Data provided =
-- Opening Marker --

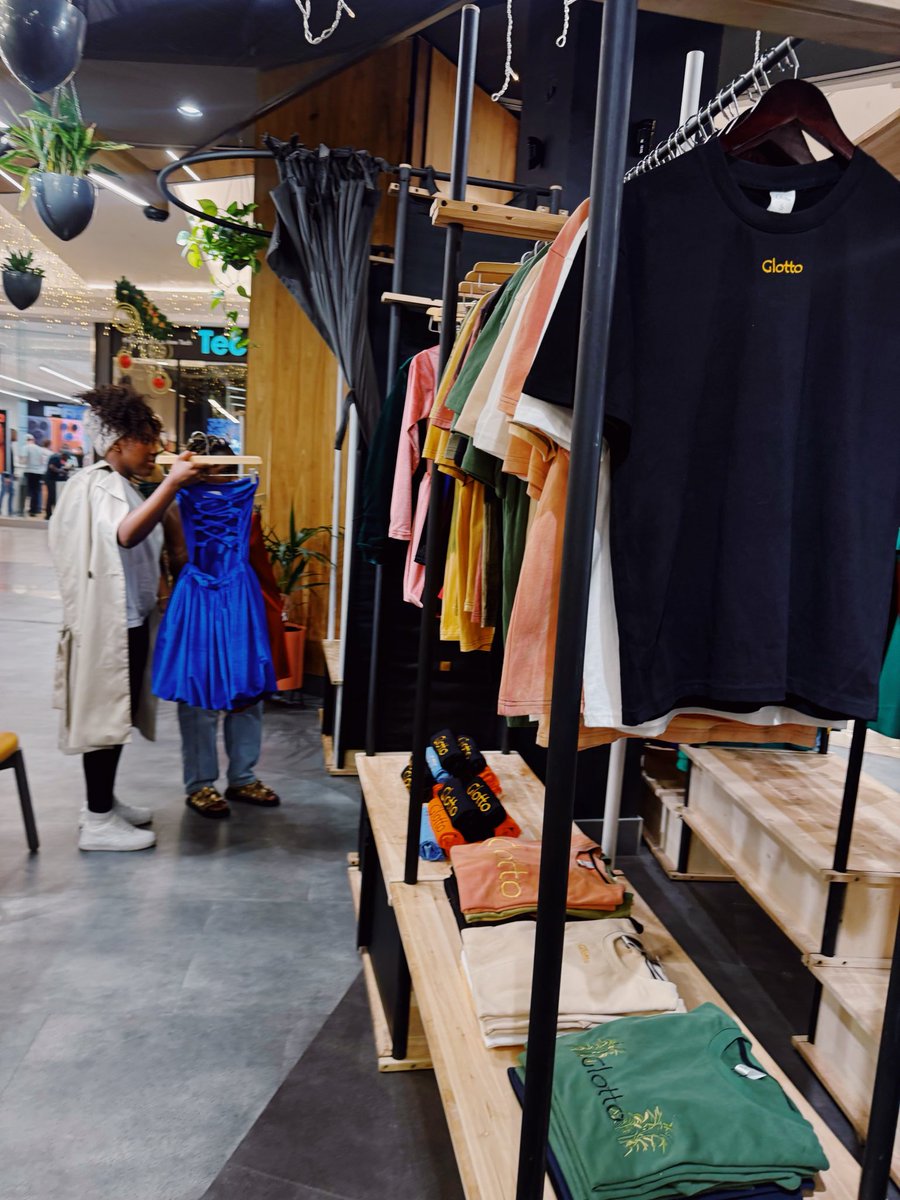 glottobrand's tweet photo. A Glotto glimpse into our latest physical location in the City of Gold, Rosebank Mall, Sandton, Johannesburg. 🤩✨

Find us in SOKO District Rosebank: up the escalators from the Woolies Café, right opposite iStore.Come explore the textures of the Glottoverse !

#GlottoGlow https://t.co/QEDtDYrT8I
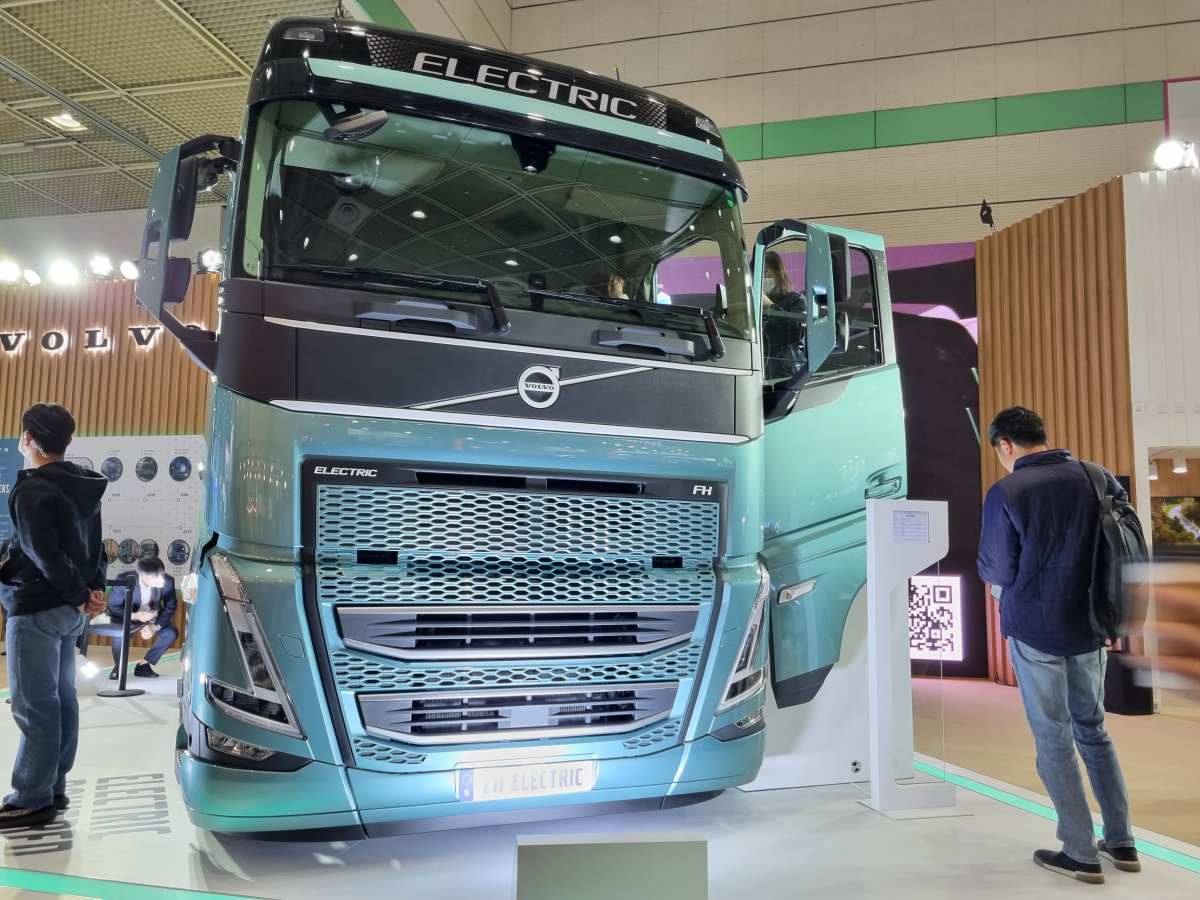 ▲볼보트럭코리아의 FH 일렉트릭. (강문정 기자 kangmj@)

-- Closing Marker --

What to produce = Exactly as written, restate the listing above with its pictures omitted.

The completed task =
 glottobrand's tweet photo. A Glotto glimpse into our latest physical location in the City of Gold, Rosebank Mall, Sandton, Johannesburg. 🤩✨

Find us in SOKO District Rosebank: up the escalators from the Woolies Café, right opposite iStore.Come explore the textures of the Glottoverse !

#GlottoGlow https://t.co/QEDtDYrT8I
 ▲볼보트럭코리아의 FH 일렉트릭. (강문정 기자 kangmj@)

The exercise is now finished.